Perputaran ekonomi desa-desa pebalok secara otomatis akan hanya dikuasai oleh sebagian kecil orang yang punya kekuatan modal. Dengan uangnya tersebut akhirnya para toke menguatkan pengaruhnya melalui mekanisme yang berimplikasi kepada hubungan-hubungan sosial yang dibangun untuk menguasai pihak-pihak yang secara ekonomi lemah. Salah satunya dengan berperan sebagai patron-patron untuk mengikat para klien secara ekonomi. Implikasi dari ketergantungan itu adalah hutang budi para klien (pebalok) terhadap patron-patron tersebut. Dengan menguasai hajat hidup para klien secara tidak langsung kehidupan sosialpun ditentukan atas kepentingan para patron yang memunculkan sikap-sikap hormat, segan, dan mengamini setiap nasihat dan perintah yang menjadi petronnya (toke). Munculnya toke dan elit desa memicu gerakan masyarakat desa untuk melakukan pembalakan liar.

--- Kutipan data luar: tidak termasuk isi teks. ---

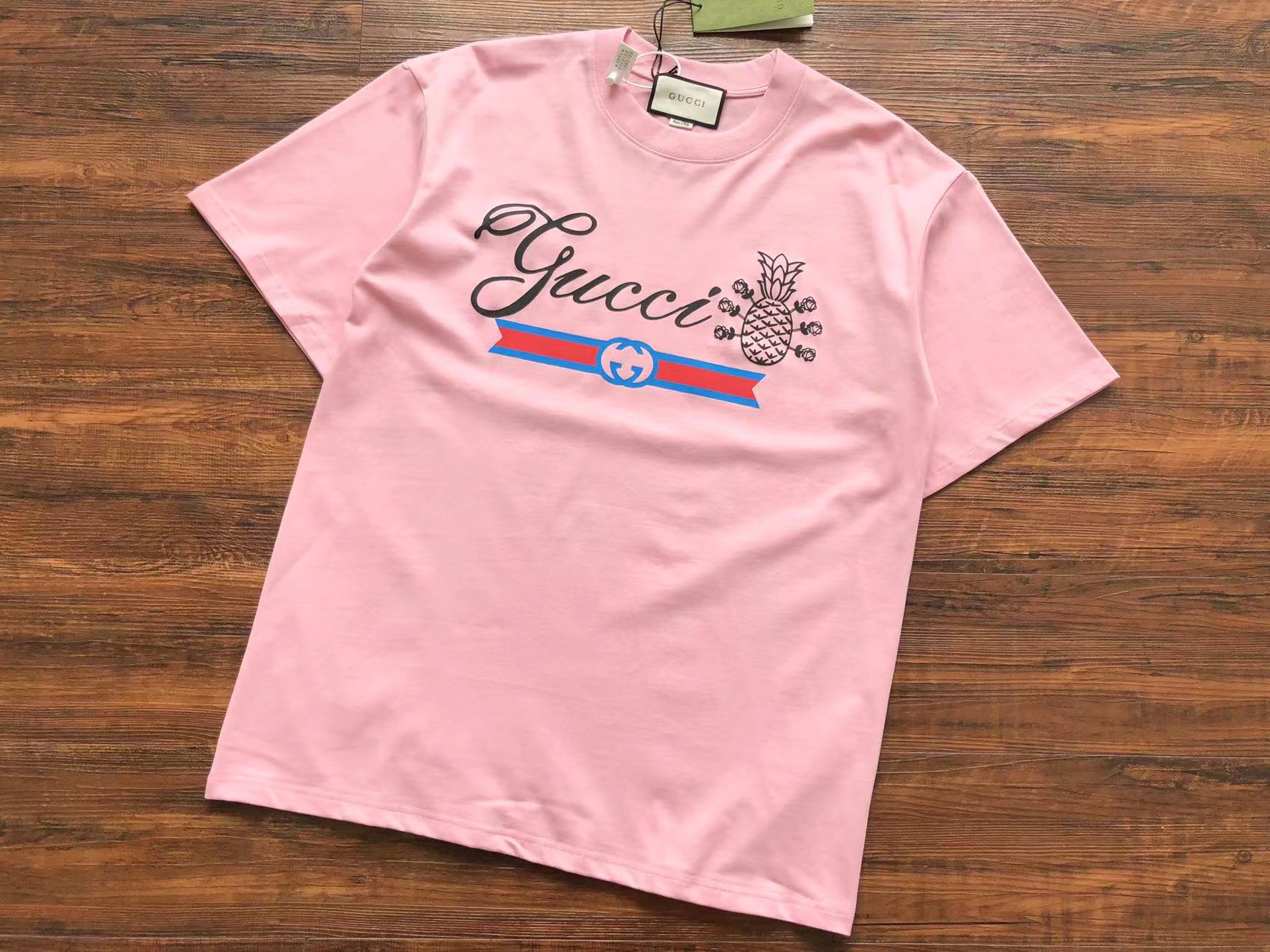 Gvc*1 T-shirt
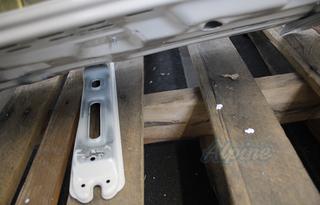 Photo of Blueridge BXS2A12SC0 (Item No. 736751) 12,000 BTU 21.3 SEER2 - R-454B - Single Zone Ductless Mini Split Outdoor Condenser 61738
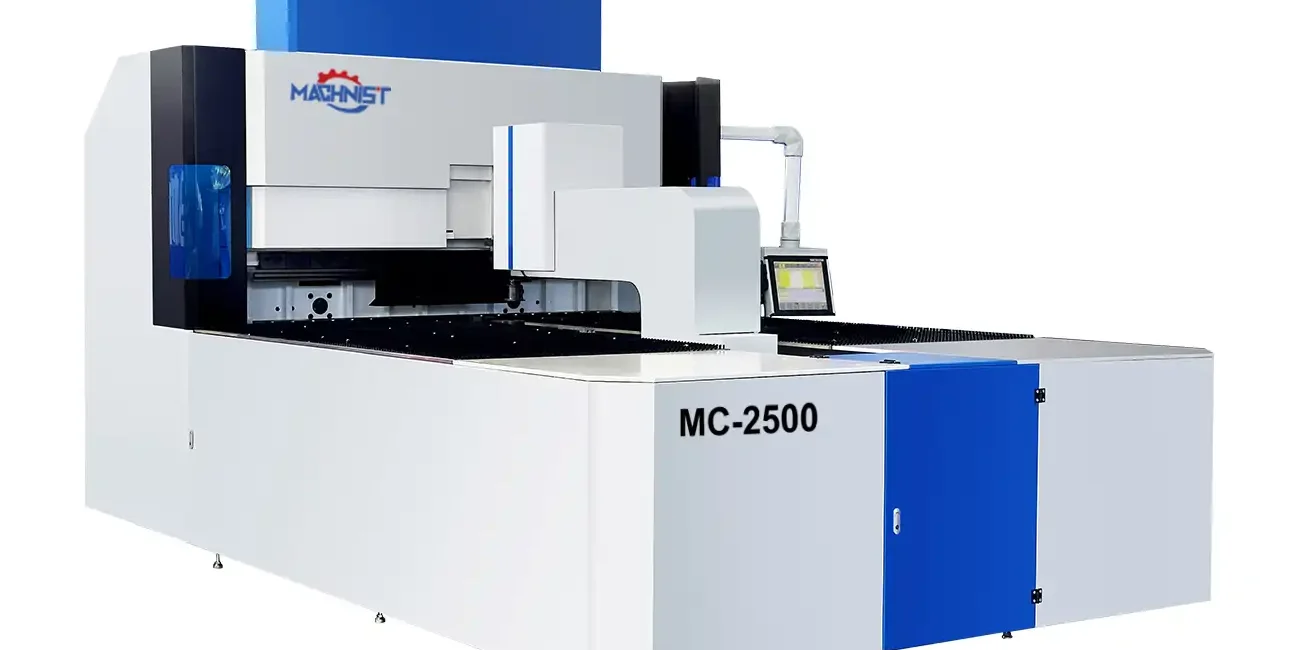 machnist panel bender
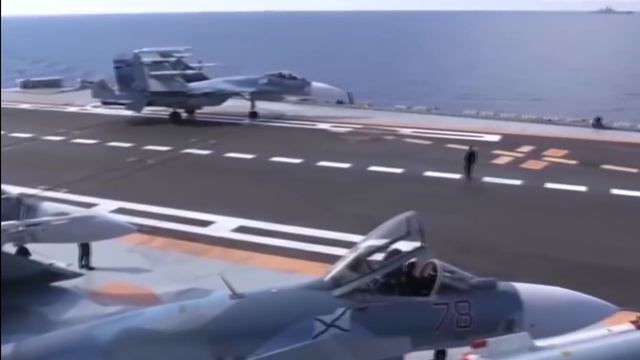 Авианесущий Крейсер Адмирал Кузнецов смотреть онлайн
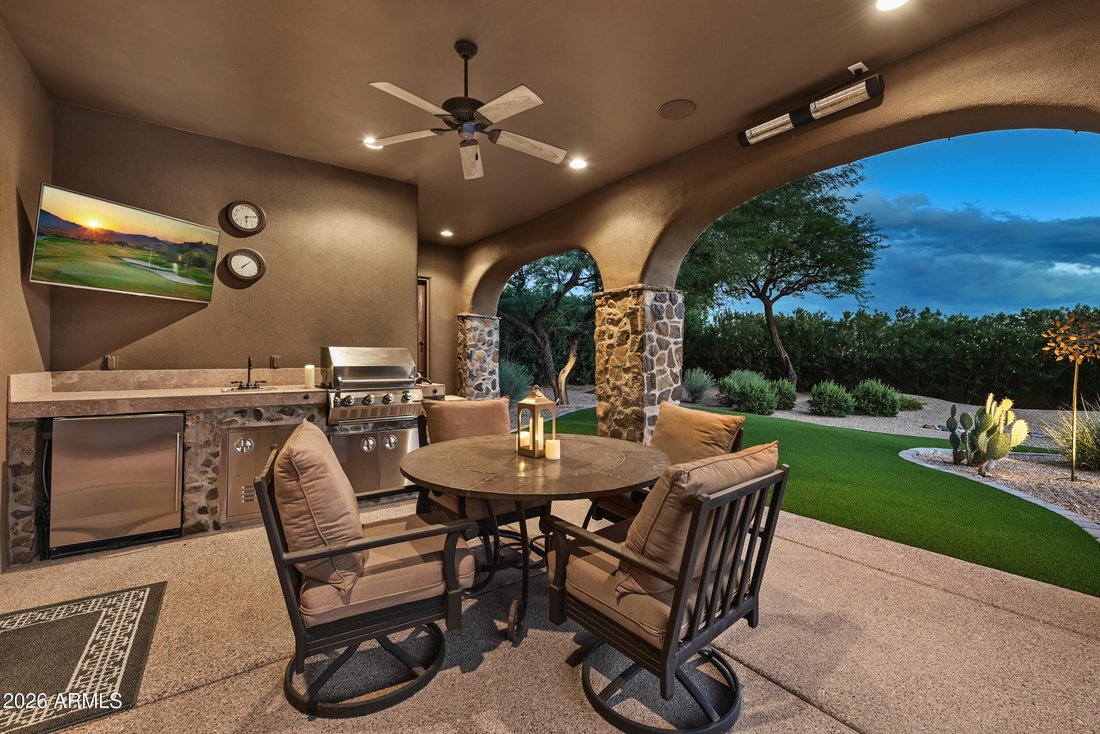 House in Paradise Valley, Arizona, United States 5 - 19130325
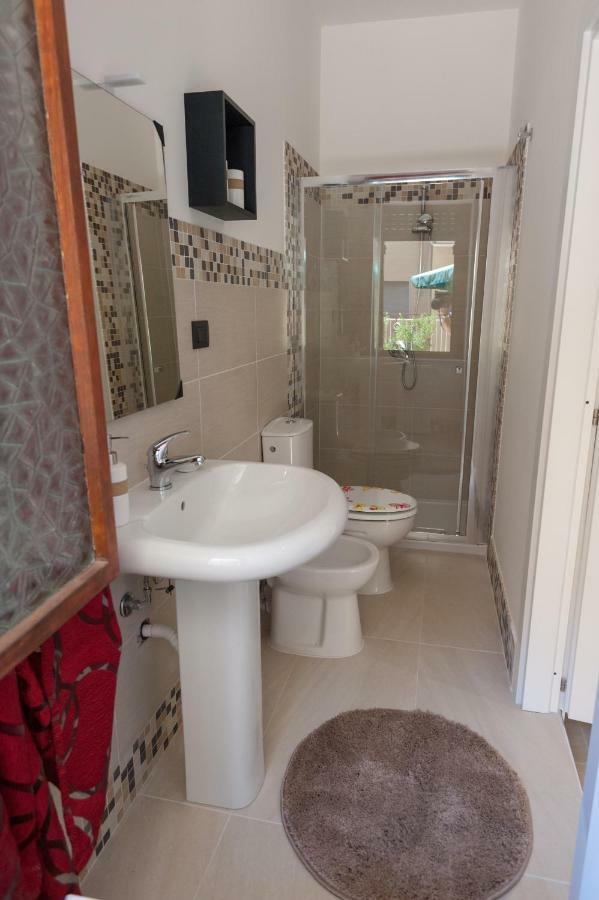 Triple Room Private Bathroom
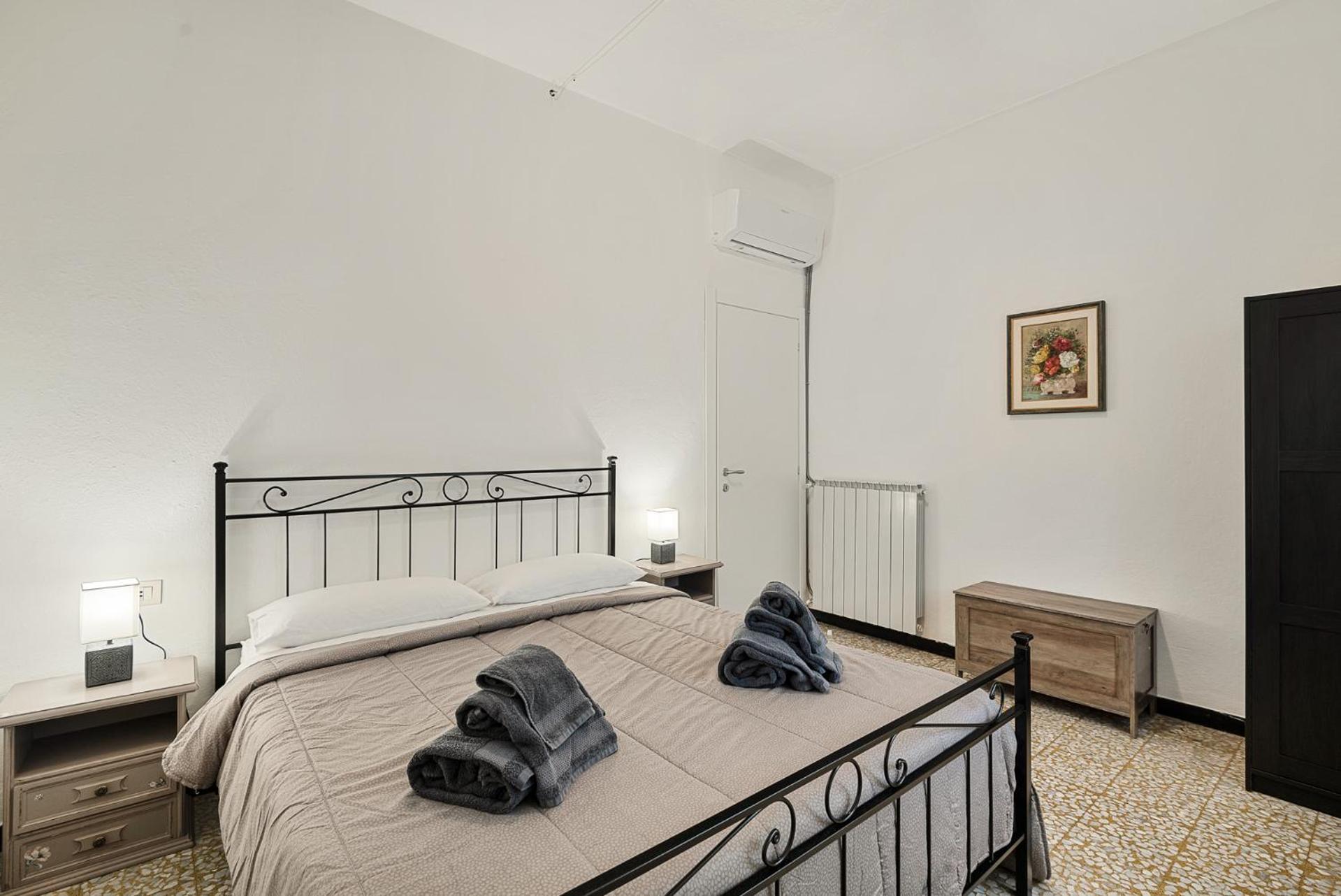 Dal Pozzo Appartamento Deiva Marina Exterior foto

Pengaruh ekonomi dan sosial yang terpusat pada segelintir toke itu diperkuat oleh status tingkat religiusitas melalui gelar-gelar haji yang disandang para toke di desa. Bertambahnya unsur penguat tersebut berimplikasi tak ada cacat dan tak ada alasan untuk tidak membenarkan setiap pendapat dan perintah para toke. Munculah ke permukaan dan kecenderungan bahwa toke-toke kayu otomatis juga merupakan tokoh masyarakat. Dia menguasai kebijakan desa, menguasai dan dapat mengendalikan aparat pemerintahan desa, dan kalau perlu mereka sanggup merekayasa adat lokal untuk mengamankan kepentingan-kepentingannya. Kasus didendanya Tim Tata Batas – Biphut Jambi di salah satu desa di Kecamatan Muara Sebo Ulu - Batanghari, dengan satu kerbau dengan alasan tanpa ijin memasuki wilayah desa tersebut, merupakan bukti bahwa kepentingan toke terancam bila batas ditetapkan dan untuk itu adat lokal dipakai untuk menyamarkan kepentingan tersebut.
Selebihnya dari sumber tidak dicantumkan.